I will list only a few of the terms he explains: Christian nationalism; Christian Zionism; Demonization; Imprecatory prayer; Intercessory prayer; Pentacostalism; Philosemitism; Postmillennialism; Premillennialism; Theocracy; Theonomy. That’s the basic group. Further: Dominion; Dominionism; Christian reconstructionism; New Apostolic Reformation; Fivefold ministry; Apostle; Prophet… and so on, and on. For another four screens.

With the perspective of the Gottschall book discussed a couple days ago, and of course the many books by Pinker and Wilson and Shermer and many others, which take a higher view of human nature and human history, all of these Christian nationalist notions (not to mention the no doubt similar constructs by the many other religions around the world) are just *stories*. The stories that emerged with the function of defining one set of tribes against other sets of tribes. And there is nothing objectively real about any of them, or even true, in any honest historical sense.
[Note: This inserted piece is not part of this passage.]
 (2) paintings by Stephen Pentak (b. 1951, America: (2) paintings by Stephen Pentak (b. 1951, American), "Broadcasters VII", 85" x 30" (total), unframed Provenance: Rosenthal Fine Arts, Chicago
Some more items for my polarities chart.

Under “right”: backwards
Under “left”: forwards.



And that’s just from one site over the past few days. MAGA!


More correlations here.

Washington Post, Perry Bacon Jr., 28 May 2024: Opinion | How geography and religion drive America’s blue vs. red divide, subtitled “Race and education aren’t the only things driving how Americans vote. They aren’t even the most important.”

Favors Trump Favors Biden
rural areas cities and suburbs
Christian Non-Christian
No bachelor’s degree At least a bachelor’s
White People of color
Age 45 or above Below 45
Male Female

I conform to three of these patterns, and defy the other three. What does that make me? An independent thinker? A thinker? Or is it that very people actually match a set of general trends.


When the new regime takes over, correct thinking will be strictly enforced.

Friendly Atheist, Hemant Mehta, 29 May 2024: Florida civics teachers are still being indoctrinated with Christian Nationalism


Joe.My.God, 25 May 2024: Cotton Posts Christian Nationalist Flag Outside Office

And I haven’t even mentioned Sam Alito. It’s hard keeping up.


Right Wing Watch, Kyle Mantyla, 28 May 2024: David Barton Keeps Spreading False Christian Nationalist History

Barton’s claims are entirely false.

We see this over and over. They lie for a higher cause, apparently. Which is to say, they don’t *really* believe in the Constitution, or law and order.



Right Wing Watch, Kyle Mantya, 29 May 2024: Christian Nationalist Pastor Joel Webbon Says Women Should Not Be Allowed To Vote

Once again, women are only baby-machines; primitive, tribal mentality.